"Pictures should be inspired by nature but made in the soul of the artist.
It is the soul of the individual that counts."
"You will have to experiment and try things out for yourself and you will not be sure of what you are doing. That's all right, you are feeling your way into the thing."
"Look at the earth crowded with growth, new and old bursting from their strong roots hidden in the silent, live ground, each seed according to its own kind ... each one knowing what to do, each one demanding its rights on earth. So artist, you too from the depths of your soul, ... let your roots creep forth, gaining strength.
~ Emily Carr ~
Emily Carr is a Canadian icon, known mostly for her colourful paintings depicting landscapes and aboriginal scenes from the west coast. She was also a writer, and I am inspired by her words as much as her paintings. Her legacy comes to mind whenever I begin to doubt myself as an artist. I re-read the quotes above and let their meaning soak into my being.

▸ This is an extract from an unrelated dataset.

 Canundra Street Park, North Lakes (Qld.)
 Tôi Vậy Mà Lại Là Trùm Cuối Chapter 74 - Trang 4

She broke through many barriers of her time to become a famous female painter, but her perseverance and quirkiness are what speak to me most. She was a bad-ass woman!
Carr did not fit into the refined society she lived in, nor the strict English, Presbyterian upbringing she had as a child. She was fired from her job as an art instructor after only one month, for smoking and cursing at her students.

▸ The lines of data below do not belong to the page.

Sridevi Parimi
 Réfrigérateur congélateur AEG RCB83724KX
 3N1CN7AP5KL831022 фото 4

She struggled as an artist. Despite studying art in Europe, her gender stifled any public recognition or appreciation for her talent.
To make a living, she stopped painting entirely for decades as she ran a boarding house.
She had a soft spot for animals and underdogs. She kept many pets, including a monkey named Woo, that she bought after witnessing it being bullied by older monkeys in a pet shop in Victoria.
Carr was a late bloomer. She did not start painting in the style that she is most remembered for until after being mentored by Lawren Harris, of the Group of Seven. This speaks to me of her openness to life-long learning, the collaboration enriching her and enabling the evolution of her artistic style.
Her career, or at least the recognition of her talents as an artist, did not begin until she was 57. I identify with that, perhaps too much, being a retired woman who put painting on hold for decades as I pursued a career in teaching and counselling. I am also in my fifties, and feel like an emerging artist.
This image was inspired from a combination of a still photo taken from the short film, "Bone, Wind, Fire" (2011), and one of my favourite Carr paintings, 'Above the Gravel Pit' (1937).